Yes, I’m being facetious with that last statement. If someone were watching me pound out this blog on my computer they might want to tell me to “relax.” I suppose my “anger” (for lack of a better word) about what I knew in my heart to be true, but didn’t want to admit, is that a finding like this bluntly points out the precarious position strong women often find themselves in. Is it better for a woman to “play the game” and politely assert her position, hoping that it’s effective enough to persuade someone to her position? Or is it better to passionately assert her position, educating people along the way that they should not discount her passion as “hysterics” or “a cover-up” for a weak position?

I want to say let’s not kowtow to society’s specious stereotypes, but to do so is not necessarily practical. So, in the meantime, while everyone hopefully becomes used to the idea that women can, in fact, make both aggressive AND valid arguments, we should look for ways in which we can minimize the adverse effects found in the study. Women litigators should seek out feedback from men and women about their presentation style, and look for ways they are unintentionally undermining their efforts through what might be perceived as an “overly emotional” style. Specifically, listen for tone and watch your body language.

During a shadow jury project I worked on, the shadow jurors critiqued one of the female attorneys for many aspects of her behavior.
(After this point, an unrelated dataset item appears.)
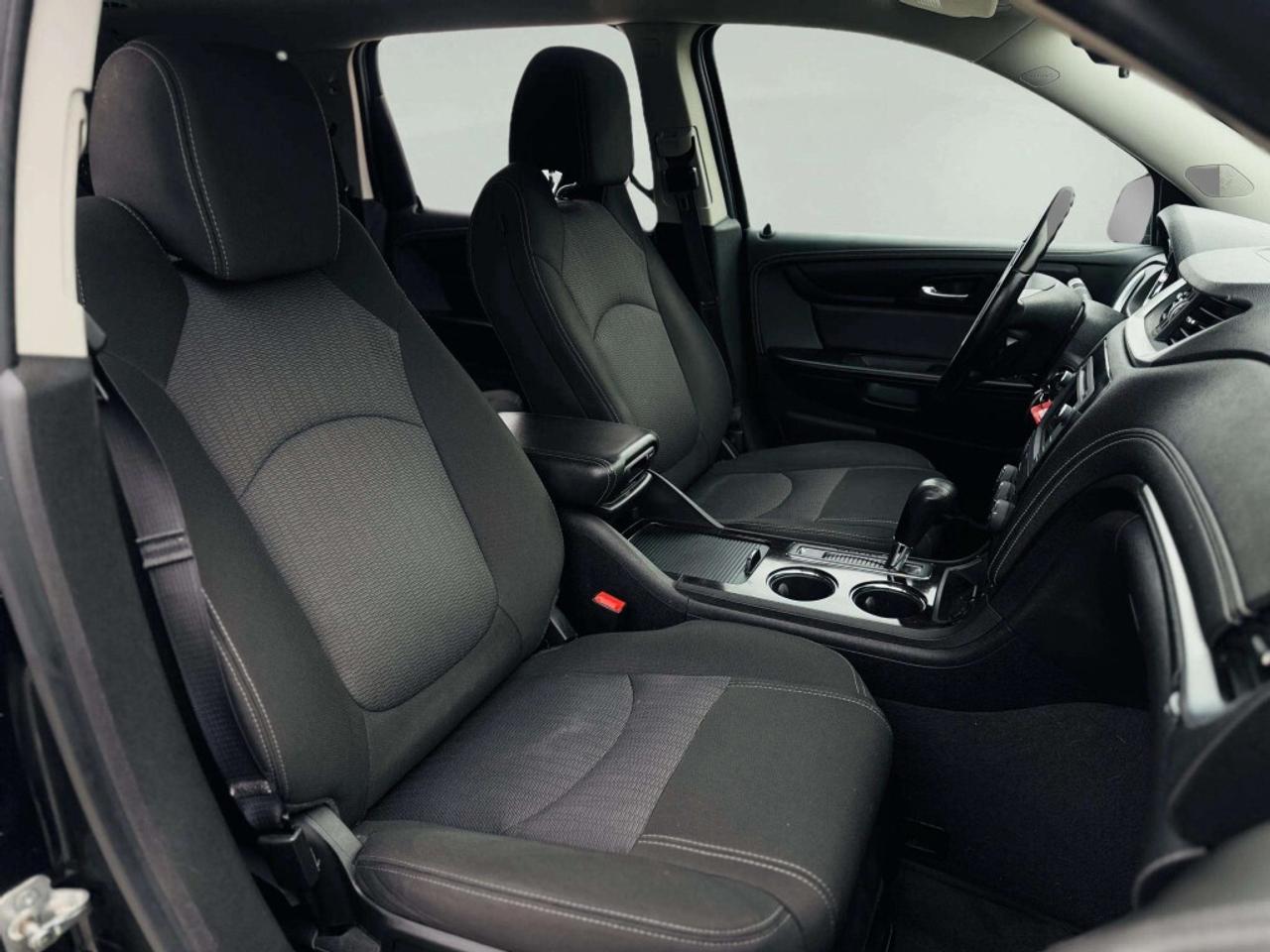 2017 Chevrolet Traverse AWD 4dr LT Photo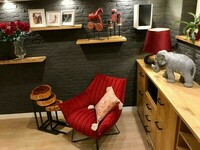 czerwony fotel EGON w domu , inspiracje wnętrza z czerwonym akcentem , cegła malowana na kolor grafitowy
They said things like: “She always seemed so angry.” “Her heels make this loud click, click, click sound on the floor.” “She’d jab the documents at the witness.” “She threw her notebook on the table.” “She’s always scurrying around.” True, men would not likely get this same criticism; however, I recall this particular attorney, and I have to say that I even thought she seemed angry…angry for no real reason. So, again, ask someone for honest feedback. Videotape yourself. You might not like the critique and might not believe it’s fair, but in the end, the goal is to become the most credible speaker you can be.

Regarding jurors, I am not advocating that you eliminate all strong women from your panel. Instead, I believe we go back to something I mentioned earlier – the need to both “arm” and “motivate” jurors for deliberations. If the critique is that “angry” women do not appear to also have “valid” arguments, then the need to “arm” all jurors is even more necessary. Arm both the men and the women on the panel with a simple and clear way to recall and use key evidence, tied specifically to the verdict form questions. The juror who can hold up evidence and refute the baseless (albeit loud) assertions made by an angry woman OR man (a motivated but unarmed juror), will win the day.

I’ll end with a quick critique: While I believe the results of the above study are thought-provoking and, in many ways, confirm what many have long felt to be true, I think we should put an asterisk next to them since the study was conducted using written stimuli instead of in personal interactions. The significance of in-person interactions cannot be underestimated. It would be interesting to conduct similar research where the interpersonal dynamic and non-verbal communication aspects can be studied. The impact of these issues are especially important for deliberations where a juror’s interpersonal skills and nonverbal behaviors can have a profound effect on his or her ability to persuade their fellow jurors.